The small plants had had power agreements with PSNH, but they expired. They said the utility’s decision for a 20-year purchase power agreement with the Berlin plant would hurt them. Talks for the Berlin BioPower plant broke off last month after the plants filed objections with the commission and with the state Supreme Court.
Gov. John Lynch on Tuesday urged the commission to support the settlement, saying it would help with plans to construct the new biomass plant and to retain jobs.
“Given the state of the energy market today, it has become difficult for small wood-fired plants to continue to operate without the stability of contracts to sell their power to a utility company,” Lynch said in a letter to the commission. “The Power Purchase Agreements address a short-term problem in a measured and responsible way. The petition and settlement agreement will also allow the Berlin BioPower project to go forward, which is an important step forward for economic development in Coos County.”
Supporters of the proposed plant in economically depressed Berlin say the plant, which was expected to go online in 2014, will create 40 permanent jobs, plus many temporary construction jobs and help the forest industry — loggers, haulers and foresters who help bring fuel to the plant. Opponents said the power agreement with PSNH violated a provision in the state’s renewable energy law and isn’t in the public interest.

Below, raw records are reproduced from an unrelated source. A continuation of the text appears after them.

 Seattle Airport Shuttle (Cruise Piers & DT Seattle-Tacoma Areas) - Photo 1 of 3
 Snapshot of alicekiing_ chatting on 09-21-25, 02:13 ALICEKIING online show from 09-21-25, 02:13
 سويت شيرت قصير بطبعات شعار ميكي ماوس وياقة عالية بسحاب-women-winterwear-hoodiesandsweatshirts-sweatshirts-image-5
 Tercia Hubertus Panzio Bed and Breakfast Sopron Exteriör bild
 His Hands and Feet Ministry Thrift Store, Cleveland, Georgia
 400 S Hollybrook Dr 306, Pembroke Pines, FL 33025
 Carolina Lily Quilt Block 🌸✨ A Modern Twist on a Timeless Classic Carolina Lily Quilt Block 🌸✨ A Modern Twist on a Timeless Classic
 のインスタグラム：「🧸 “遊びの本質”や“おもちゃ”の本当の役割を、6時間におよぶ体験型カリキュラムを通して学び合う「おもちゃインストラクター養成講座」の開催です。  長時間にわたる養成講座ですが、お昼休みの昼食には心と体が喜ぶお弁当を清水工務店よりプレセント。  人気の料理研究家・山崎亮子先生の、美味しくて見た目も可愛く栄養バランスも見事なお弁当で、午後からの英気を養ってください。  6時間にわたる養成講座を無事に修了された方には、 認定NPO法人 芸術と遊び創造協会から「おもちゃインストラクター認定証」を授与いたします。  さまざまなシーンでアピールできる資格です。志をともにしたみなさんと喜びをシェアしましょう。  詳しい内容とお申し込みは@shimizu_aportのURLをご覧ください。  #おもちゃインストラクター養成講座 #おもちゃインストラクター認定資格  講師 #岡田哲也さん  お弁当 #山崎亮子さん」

Berlin and Coos County officials have had high hopes for the plant to be built on the site of a former pulp mill. The 100-year-old mill closed in 2006, leaving many people out of work and Berlin without a main industry. The city hopes jobs and a boost to the local economy would be created with the opening of a newly built federal prison, but budget debates in Congress left the project without funds this fiscal year.
Mike O’Leary, plant manager of Bridgewater Power Company in Bristol, one of the biomass plants, said the plants appreciate the efforts that produced the settlement, supporting the continuation of the existing wood plant and forestry jobs and related economic benefits to the North Country.
“We look forward to PUC approval so that these jobs and benefits are sure to continue,” O’Leary said.